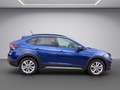 Volkswagen Taigo 1.0TSI DSG Move AHK Blau - thumbnail 6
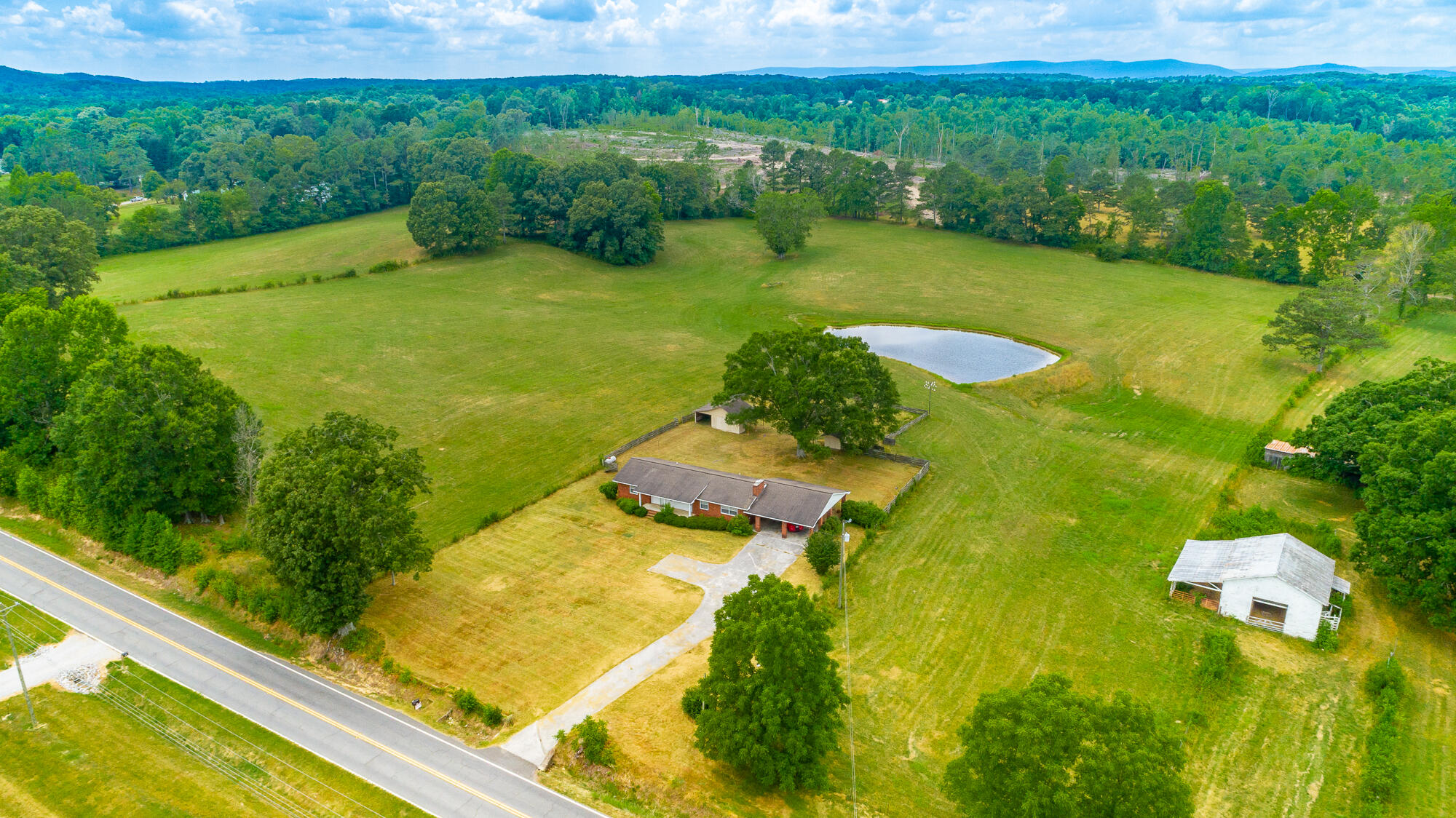 6012 Highway 95, Rock Spring, Georgia image 40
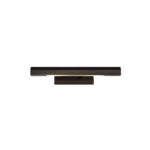 NEA Wall Sconce WS174 WS174 2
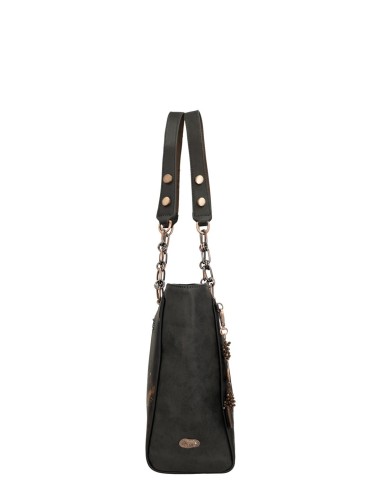 Bossa Shopping Anekke Wings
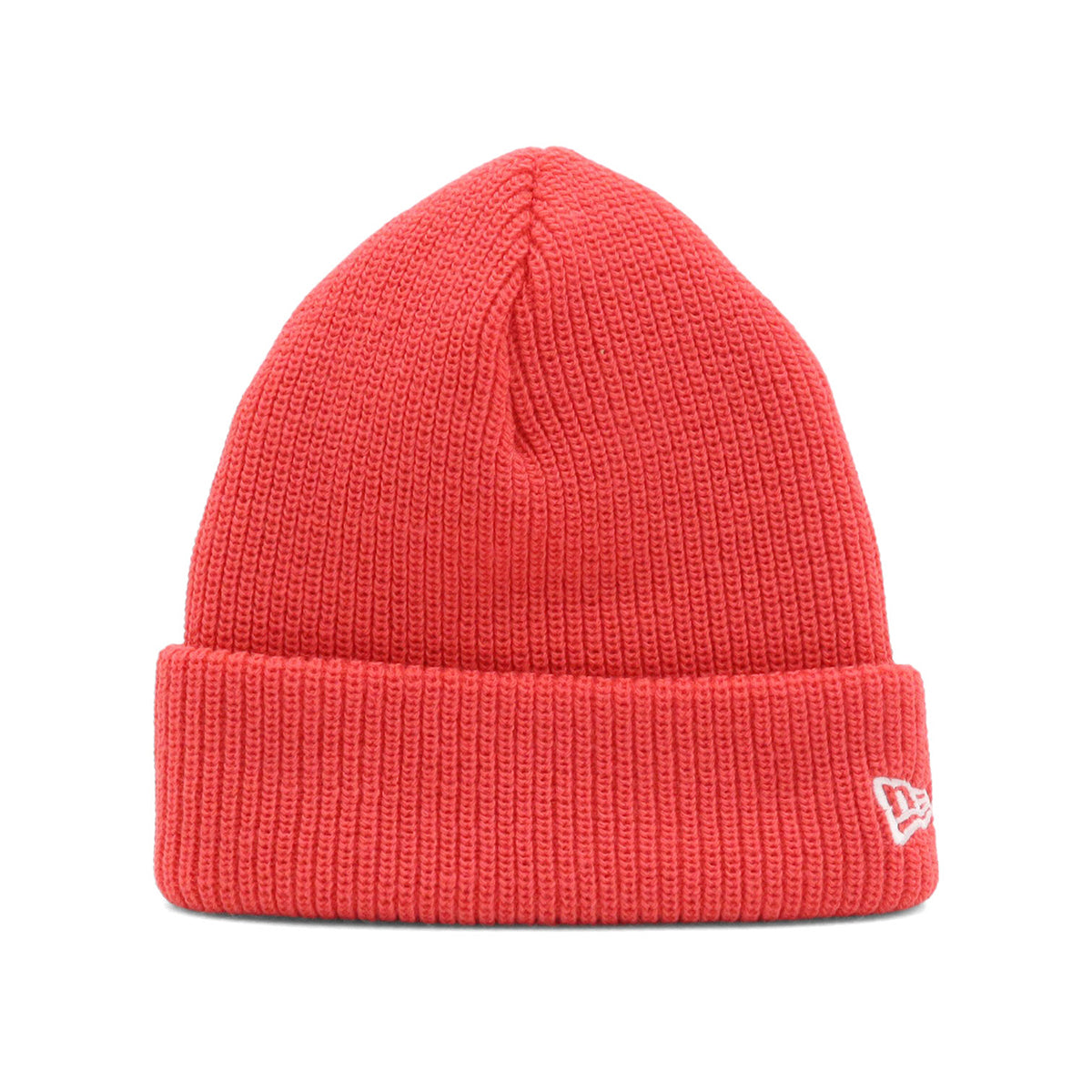 newera-soft_cuff_knit-cap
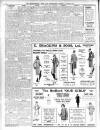 Bedfordshire Times and Independent Friday 22 April 1927 Page 2
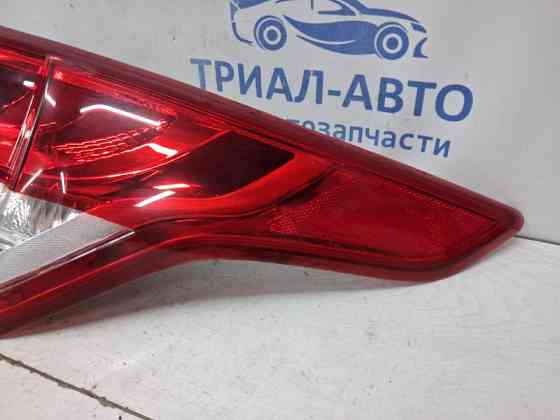 Фонарь задний внешний правый Ford Kuga 2011-2019 2039551 (Арт. 79245) Київ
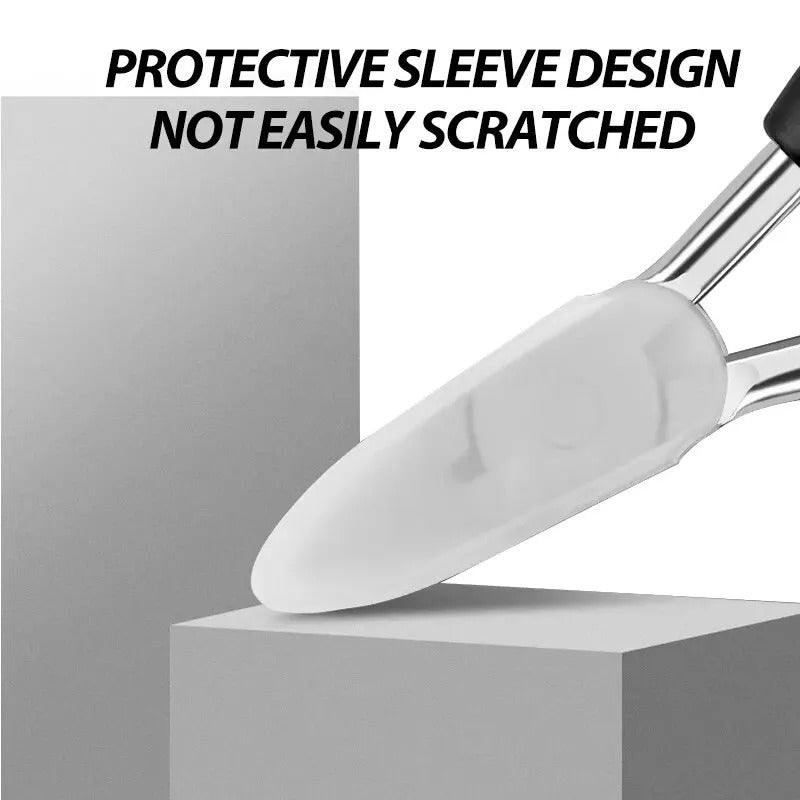 Nail Clippers for Thick Nails for Seniors - product image 7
------
▸ **REQUIRED WORK**
Lines from the one containing "Bossa Shopping Anekke Wings" through the final line of the entries above are to be retyped exactly, with every picture left out.

▸ **RESPONSE TO THIS EXERCISE**
 Bossa Shopping Anekke Wings
 newera-soft_cuff_knit-cap
 Bedfordshire Times and Independent Friday 22 April 1927 Page 2
 Фонарь задний внешний правый Ford Kuga 2011-2019 2039551 (Арт. 79245) Київ
 Nail Clippers for Thick Nails for Seniors - product image 7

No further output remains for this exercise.